There's one point to keep in mind here:
Within the extra settings found by clicking Advanced settings, you should find an item called Query priority level.
This is set to Batch by default. However, as explained in the Properties menu, this can cause the query to execute slowly since it will wait until BigQuery resources are available. Switching this setting to Interactive will make the executions run faster.
Click the save button in the upper right once you've finished configuring the settings.
That's it! The Flow is done and should be executing!
2. Executing the Flow
Since we set the Flow to execute on a timed schedule, it should now be executing every three minutes. Let's check to make sure.
Open up the Log display at the bottom of the Board editor. Logs of each Flow execution will be output here.
Is your Flow executing every three minutes?
3. Confirm results
Next, let's go to the BigQuery console to make sure the results are being output into the table properly.

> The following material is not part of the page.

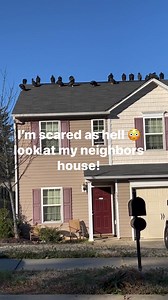 What y’all think is in there ? 😳😳 | My Crazy Life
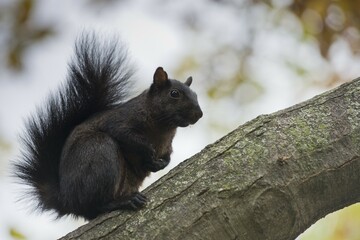 Dark color variant of Eastern gray squirrel (Sciurus carolinensis), Toronto, Ontario, Canada, North America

Looks like the table we set, avg_by_sex, was created, and the averages in each subject for male and female students are there!
4. Stopping Flow execution
Once you've finished, open the Start of Flow BLOCK's properties and uncheck Activating start times. Then, click Save and the Flow will stop executing.
How was that? This was just a simple example, but we hope you can see how BLOCKS allows for creating and executing batches for BigQuery without the need for complicated programming.
There are still lots of other BLOCKS available for use, so try testing some out yourself by incorporating them into your Flows!